Following the completion of the surgical procedure, the intraoperative team undertakes the ‘sign out’, which includes confirmation of the performed surgery, surgical counts of instrumentation, swabs and other supplementary items and any key concerns for recovery or postoperative care (WHO, 2009a). These details will be handed over to the post-anaesthetic care unit (PACU) specialist nurse, along with a record of the patient's vital observations while in theatre (Simpson and Moonesinghe, 2013). The PACU practitioner will regularly check the patient's condition, monitor their vital signs, ensure they are comfortable and, if necessary, warmed (Box 6) (Wicker, 2015). They will also pay particular attention to pain relief and the reduction of postoperative nausea and vomiting, which are often the elements of perioperative care that patients most fear before surgery; as a consequence, these must be minimised to increase patient satisfaction but also to promote recovery and reduce the associated postoperative complications (Liddle, 2013a).
Postoperative care
Before the patient is transferred back to the ward a comprehensive handover must take place between the PACU nurse and ward staff, including details of the procedure, the patient's condition, level of responsiveness, airway and breathing, oxygen therapy, circulation, wound dressings and drains, fluid output and input, pain levels, medication and any other special instructions (Liddle, 2013a; Wicker, 2015). As well as the standard nursing roles and responsibilities, nurses caring for surgical patients also need to have a deep understanding of the potential complications that can arise following surgery, such as surgical site infection, pain, hypothermia (Box 7) and how they can minimise risk or recognise early signs of development (Primiano et al, 2011; Liddle, 2013b; NICE, 2014; 2016b; 2019).

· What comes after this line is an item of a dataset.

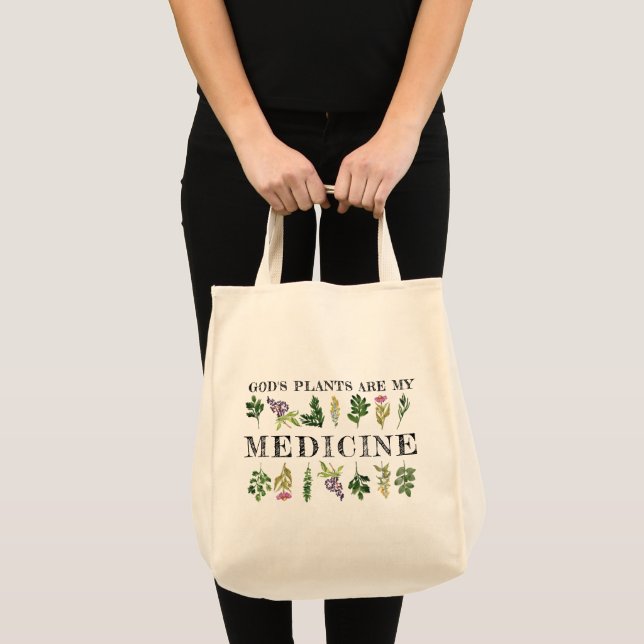 God's Plants Are My Medicine Natural Health Tote Bag (Front (Product))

Nurses in primary and secondary care are therefore in a unique position and offer a valuable contribution to the care of the surgical patient because they have a major role to play in minimising the risk of harm and ensuring that the patient is returned to normal functioning as soon as possible, depending on the individual's condition and surgical intervention (Liddle, 2013b; Cousley, 2016b).
Conclusion
Due to the high level of iatrogenesis in surgery, patient safety poses a significant problem and almost half of all recorded adverse hospital events are related to surgical care (WHO, 2020). Consequently, because patient safety is ‘at the heart of quality care’ (Fisher and Scott, 2013: 6) it is paramount that health professionals minimise the risk of adverse events occurring by undertaking appropriate risk assessments and effective teamwork (AAGBI, 2010).